The Dow fell 460 points Friday as a leading indicator of a US recession and concern about a global slowdown spooked investors.
The index shed 1.8%, while the S&P 500 closed down 1.9%. The Nasdaq plunged 2.5%. It was the worst performance for all three major indexes since January 3.
The yield on 3-month Treasuries rose above the rate on 10-year Treasuries for the first time since 2007 — a shift that scared Wall Street. Investors have piled back into stocks after a sell-off in late 2018.
The flattening yield curve, or the difference between short- and long-term rates, has worried investors for months. A narrowing spread is typically seen as sign that long-term confidence in the economy is waning, which could signal an eventual economic contraction.
Friday's flip added to pressure on the Dow that was building before US markets opened.
The index stumbled at the bell on poor manufacturing data from Germany, which also spelled trouble for the country's bond market.

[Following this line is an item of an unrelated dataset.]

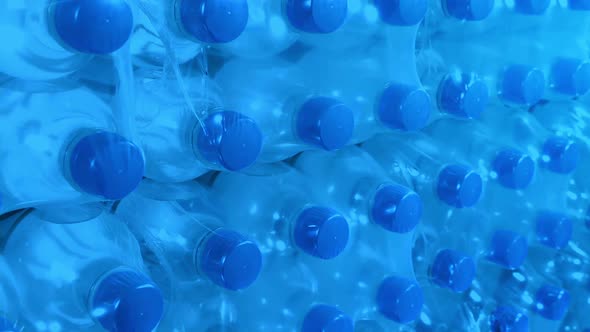 Stacked Packages Of Bottled Water In Storage alt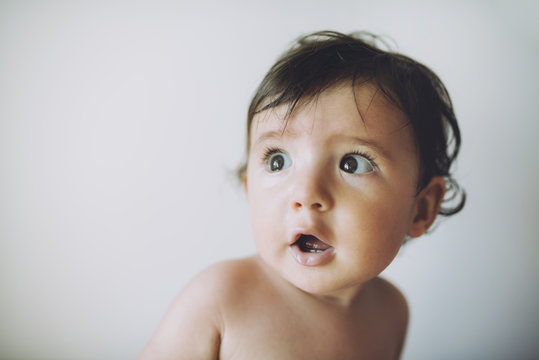 Surprised baby girl on white background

The yield on Germany's benchmark 10-year government bond fell below zero for the first time since October 2016.
All of that news is fueling Wall Street's ongoing concerns about slowing global growth.
White House economic adviser Larry Kudlow told CNBC last year that the spread between 3-month and 10-year Treasury yields was important to watch.
"It's actually not 10s to 2s; it's 10s to 3-month Treasury bills," Kudlow said last May . He was referring to the spread between 2-month and 10-year Treasury yields, which is also closely monitored.
Michael Darda, chief economist and market strategist at MKM Partners, said in a note that investors should wait for weekly and monthly averages to show an inversion before they read it as a "powerful recession signal."
And he noted that on average, recessions occur 12 months after an inversion — not immediately.